> _INFORMATION SUPPLIED_
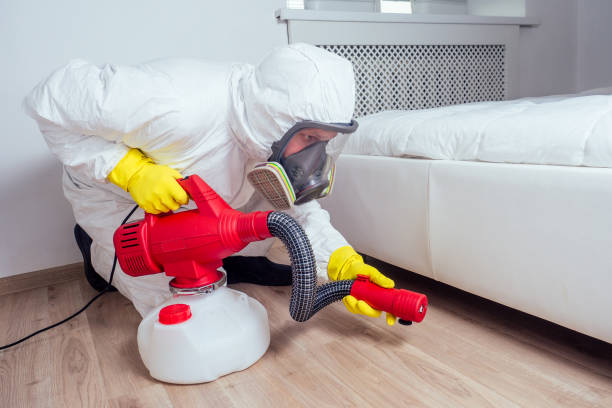 Best Residential Pest Control  in Brisbane, CA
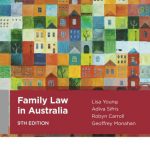 family-law-in-australia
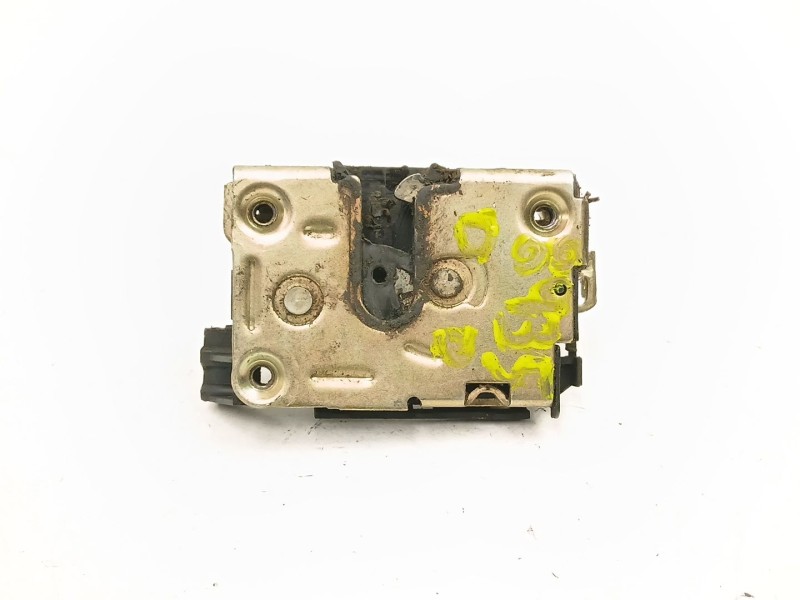 Recambio de cerradura puerta delantera derecha para renault 19 i (b/c53_) 1.4 referencia OEM IAM 7701031778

> _PROBLEM STATEMENT_
From the first line to the last, reproduce the listing above exactly, leaving the pictures out.

> _ANSWER SPACE_
 Best Residential Pest Control  in Brisbane, CA
 family-law-in-australia
 Recambio de cerradura puerta delantera derecha para renault 19 i (b/c53_) 1.4 referencia OEM IAM 7701031778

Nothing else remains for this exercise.